Но вскоре мне довелось узнать, что он имел обоснованную причину для
такого поведения. Рас Тавас всегда имел продуманное решение для всего,
чтобы он ни делал. Однажды ночью, после того, как мы кончили вечернюю
трапезу, он сидел, смотря на меня внимательно, как часто делал, словно
хотел прочитать мысли, что не был, между прочим, в состоянии сделать, к
величайшему своему удивлению и досаде, так как, если марсианин не
находится настороже, любой другой марсианин может отчетливо читать его
мысли. Он объяснил это тем, что я не барсумианин. Несмотря на это, я часто
мог читать мысли и его ассистентов, когда они не были бдительны, но
никогда мне не удавалось прочесть что-либо из мыслей Рас Таваса. Уверен, и
любой другой не мог бы прочесть их. Он держал свой мозг на запоре, как
одну из банок с кровью, и никогда, даже на мгновение, не снимал барьеров.
Он сидел и смотрел на меня в тот вечер очень долго, но меня это ни в
малейшей степени не смущало, так как я привык к его странностям.
- Возможно, - сказал он, - одна из причин, почему я верю тебе, та,
что я никогда, ни в какое время не могу проникнуть в твой разум. Твои
вероломные мысли насчет себя я не знаю, тогда как у других, у каждого из
вас, я легко открываю самое сокровенное в мозгу. Моему изучающему уму нет
препон, и в каждом зависть, подозрительность и ненависть ко мне. Им я не
могу верить! Следовательно, я должен рискнуть и возложить все доверие на
тебя. Разум мой говорит, что выбор мой мудр. Я уже сказал тебе, на чем
базируется мое доверие к тебе в качестве телохранителя. Те же соображения
справедливы и для того, чтобы выбрать тебя для одного серьезного дела,
которое я замыслил.
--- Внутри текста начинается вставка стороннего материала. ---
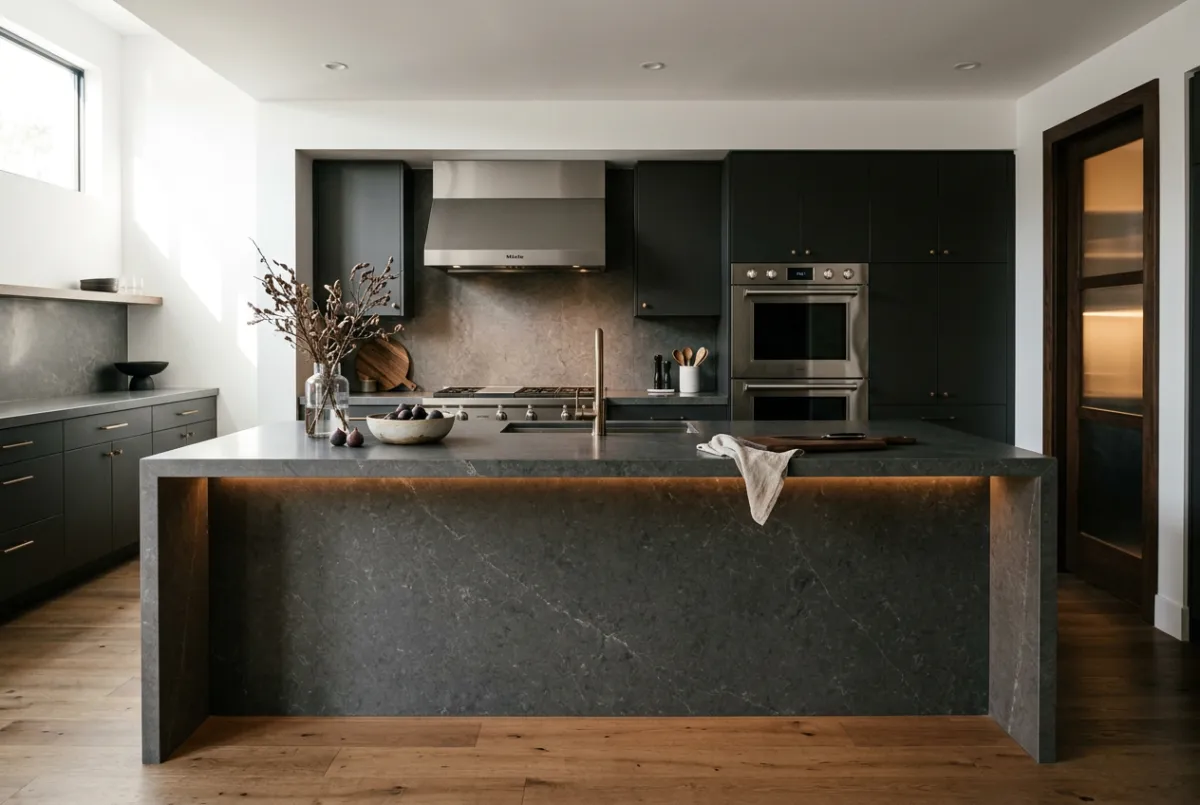 Gourmet Kitchen with stone benchtops and European appliances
Ты не причинишь мне вреда без того, чтобы не навредить
себе, и ты не тот человек, который умышленно захочет сделать это, и, кроме
того, нет причины, по которой ты чувствовал бы ко мне неприязнь.
- Ты, конечно, сентиментален, и, несомненно, с ужасом смотришь на
многие действия здравомыслящего, рационального научного разума, но ты в то
же время высоко интеллигентен, и можешь, следовательно, оценить мои
действия лучше, чем кто-либо еще, даже если не одобряешь их, оценить
мотивы, побуждающие меня совершить многое из этих поступков. Я могу
оскорбить тебя, но никогда я не был к тебе несправедлив. Не был бы я также
несправедлив и к существу, к которому ты испытываешь так называемую
дружбу. Разве мои предпосылки неправильны или доводы ошибочны?
Я уверил его, что он не ошибается.
- Очень хорошо! Позволь теперь объяснить, почему я прилагаю усилия,
чтобы обучить тебя. Ведь нет другого человека на Барсуме, который бы так
обучался. Я еще не готов использовать тебя, или скорее ты не готов, но
если ты узнаешь мою цель, то ясно поймешь необходимость напрячь все свои
силы для ее достижения. Имея ввиду эту цель, ты должен работать еще более
усердно, чтобы достигнуть высокого мастерства во всем, что я передаю тебе.